I used to be a perfectionist and mighty proud of it too.
I believed perfectionism was a good quality to have and to nurture.
It demonstrated that you took your work seriously and only put out your best work out there into the world.
A few years ago I started to write a novel. I got through one whole sheet of paper before I noticed a grammatical error. So I stopped writing and went back to fix it.
Then I spotted a spelling error. So I started to fix that too.
Then I noticed I had repeated the same word multiple times and so pulled out my thesaurus and began searching for another word.
And I kept on searching for the perfect word. I knew it was there somewhere but I just couldn’t find it.
This went on for a whole week. And I had not produced any new content or progressed my story. I was still stuck at that first page because I wanted it to be perfect.
Then life got in the way and my focus diverted to other pressing tasks and I forgot about that perfectly written page.
A few weeks ago I rediscovered that sheet of paper and re-read it. I had written a superbly wonderful opening to a story I had been planning to write all those years ago.
It really could have been a wonderful story that inspired and entertained.
Instead it had remained unwritten because I had not finished it. I hadn’t got past the first page. Instead I had been too concerned with grammar, spelling and other things that really didn’t matter in the first draft stage.
And then I looked closely and realised that the story had been unwritten not because I couldn’t find the right words or wanted to correct the spelling, but because I had wanted the page to be perfect. And I wanted it to be perfect because I didn’t want anyone to say it was rubbish.
I was afraid someone would hate it.
So I had stopped writing it.
I had been too afraid to continue writing, worried it would be horrible. So instead of pushing past the first page, I stopped at the end of the page and started to edit the page. I had let fear win.
When this happens, you cannot move forward or grow as a writer. To grow, you need to give yourself space to fall over and make mistakes.
This is true of any endeavour. Its true in writing and its true in business. You cannot score 100% straight out the gate. Those who do have typically put in years of practice beforehand and have been falling over behind closed doors.
As Ann Lamont says:
Perfectionism is the voice of the oppressor, the enemy of the people. It will keep you cramped and insane your whole life, and it is the main obstacle between you and a shitty first draft.
Perfectionism is a mean, frozen form of idealism, while messes are the artist’s true friend. What people somehow (inadvertently, I’m sure) forgot to mention when we were children was that we need to make messes in order to find out who we are and why we are here — and, by extension, what we’re supposed to be writing.
Key Learning Take-Aways:
- Perfectionism moonlights as a friend but is really fear.
- Allow yourself to be afraid, embrace it and then face it.
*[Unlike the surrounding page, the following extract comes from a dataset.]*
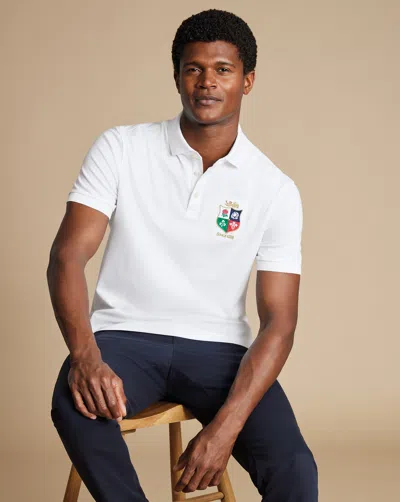 Charles Tyrwhitt Men's  The Lions Pique Polo Shirt In White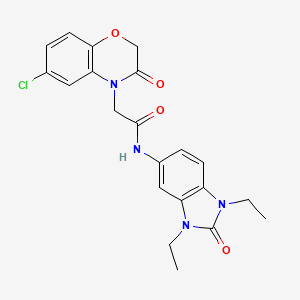 molecular formula C21H21ClN4O4 B4641851 2-(6-chloro-3-oxo-2,3-dihydro-4H-1,4-benzoxazin-4-yl)-N-(1,3-diethyl-2-oxo-2,3-dihydro-1H-benzimidazol-5-yl)acetamide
- Turn to your fear and say in the sweetest way possible ‘i acknowledge your existence but I choose to not be influenced by you’.
- And then get on with that first shitty draft. Don’t stop till you get to the end.
- Allow yourself the privilege of writing a wonderful shitty first draft.
Allow your word processor to highlight errors in red and grammatical error in green. Your job at this stage is to just keep typing.
Pour those thoughts out onto the page, all of them, whether they sound right or rubbish. At this stage all ideas and possibilities are allowed.
This is the only way I managed to get through my first draft of my forthcoming book ‘How To Find Your Passion and Live With Purpose’.
My inner critic was loud in my ear every time I sat down to write.
But the more I wrote and the more consistently I applied this practice, the more muted my fear became.
Now that I have finished my first draft I do have slight apprehension to go back and review the document. There is a part of me that fears it will be a hideous draft.
But there is another part of me who is excited and eager to start reviewing, improving and more importantly, growing in my craft.
This is what creation looks like. From the mess emerges the art. And this is what motivates me, excites me and encourages me to keep going. Because getting to the end of the first draft on any book is a worthy celebration.